In any parliamentary form of government, political parties and leaders demonstrate flexibility — they strike deals and make compromises to prioritize policymaking.
The system of parliamentary democracy encourages diversity. Every parliamentarian has equal vote and say. The prime minister is a member of the lower house. In case of Pakistan, members of the lower house (National Assembly) represent diverse constituencies — Urdu-Speaking, Sindhis, Punjabis, Baloch and Pashtuns and more. In some constituencies Shias are a predominant majority, while in others Sunnis. A parliamentary democracy is supposed to accommodate all of this variety.
It is precisely for this reason that those in control of the system must adopt a flexible approach to politics.

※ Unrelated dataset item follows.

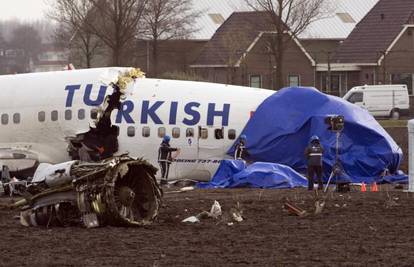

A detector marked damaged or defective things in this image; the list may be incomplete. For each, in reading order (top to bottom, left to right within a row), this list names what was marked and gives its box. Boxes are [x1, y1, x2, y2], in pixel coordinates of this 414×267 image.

fire damage [2, 68, 163, 228]
burned wreckage [8, 68, 163, 228]
fire damage [12, 156, 162, 229]
fire damage [67, 68, 145, 162]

Pakistani political classes do not have any institutional memory. Their political processes are devoid of rules of the game to resolve conflicts that may arise in any political system from time to time. And because they don’t know how to peacefully resolve their differences, they often seek the arbitration of non-representative institutions within the system. Nothing demonstrates their shortsightedness more than the fact that when one of the non-representative institutions decides in their favour, their celebrations are boundless. They think the victory — a court decision to be precise — guarantees their dominance forever. Soon after such a decision or ‘soft intervention’, the losing sides start accusing the non-representative institutions of partisan behaviour.
Undoubtedly, in such a situation, the winner is the non-representative institution. It gains more turf in the political arena. What could be more satisfying for a non-representative judge or a general to have a final say in the making or breaking of governments. They become the ultimate wielders of state power and begin to influence the public imagination.
In the absence of any rules of the game, which are framed or formulated independent of these non-representative institutions and which are agreed upon among the political players, the Pakistani political system is extremely vulnerable to the machinations of non-representative institutions. The lesson of our history is that the military has staged a coup against the representative governments (of one or the other type) four times, and each time the judiciary has endorsed the military takeover.
The lesson of our history is that the military has staged a coup against the representative governments four times, and each time the judiciary has endorsed the military takeover.
Pakistani society is once again highly fractured on the political level. Hypothetically speaking, a breakdown or an intervention could attract the support of one segment of the public opinion if it is directed against the other. In such a situation members of non-representative institutions advertising their role and political piety in the demise of one government or the other is a bad omen for the system as a whole.
The time is running out for the political class. They are standing on the edge of an abyss and they have reached this point on their own. The ground they have so far conceded to non-representative institutions has taken the initiative away from them. What’s the point of coming to power when the non-representative institutions could send you home with one stroke of the pen?
The political class should realize that they need to reach an understanding on rules of the game — based on two principles, a) constitution is adhered to in letter and spirit, b) the political forces will not turn to non-representative institutions in case of a conflict between them. Their political differences should be resolved through negotiations, compromises and give and take deals. For this to happen political forces should re-establish their credibility in the system and stop putting their inaptness on display before the whole world. It is better to lose an election or court case than to look like clownish supplicant before every manipulative state institution.